Unit step function present in convolution result

We are currently learning about convolution in my signals and systems class, and one of our textbook problems is to compute the convolution of $x(t) = e^{-\alpha t} u(t)$ and $y(t) = e^{-\beta t} u(t)$. After working out the integral, I obtained the following result

$$x(t) * h(t) = \frac{e^{-\alpha t} - e^{-\beta t}}{\beta - \alpha}.$$

The solutions manual for my textbook has the same answer, except their result is multiplied by $u(t)$. I am unsure of where this is coming from, since I know that I computed the integral correctly. I used the unit step functions to simplify the bounds on the integral, so I do not see how they are still around in the final answer.

Can anyone explain what is going on here?

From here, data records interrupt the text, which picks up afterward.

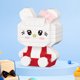 thumbnail image 4 of Juguetes De Partículas Sanrio Pequeños Ensamblados Building Block Ins Style Sanrio Anime Figura Modelo para niños niñas (Hello KT), 4 of 7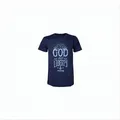 GW337b Uncharted 4 Herren T-Shirt For God and Liberty XXL Blau Neu & OVP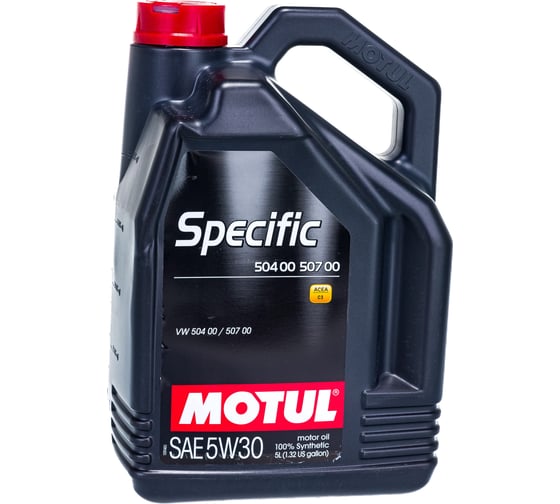 Синтетическое масло Specific VW 504 00 507 00 5W30 5л MOTUL 106375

\begin{align} f(t) &= \int_{-\infty}^\infty x(\tau) h(t-\tau) \,d\tau \\ &= \int_{-\infty}^\infty e^{-\alpha\tau} u(\tau) e^{-\beta(t-\tau)} u(t-\tau) \,d\tau \end{align} And this is probably where you probably went on and tried to simplified the bounds on the integral with: \begin{align} f(t) &= \int_0^t e^{-\alpha\tau} e^{-\beta(t-\tau)} \, d\tau \\ \end{align} forgetting that this is only true if $t \geq 0$. Indeed for $t < 0$ the product $u(\tau) u(t-\tau)$ is 0 for all values of $\tau$, and the result of the integral is thus 0.
So, the correct expression would be: \begin{align} f(t) &= u(t) \int_0^t e^{-\alpha\tau} e^{-\beta(t-\tau)} \, d\tau \\ &= \cdots \\ &= u(t) \frac{e^{-\alpha t} - e^{-\beta t}}{\beta-\alpha} \end{align}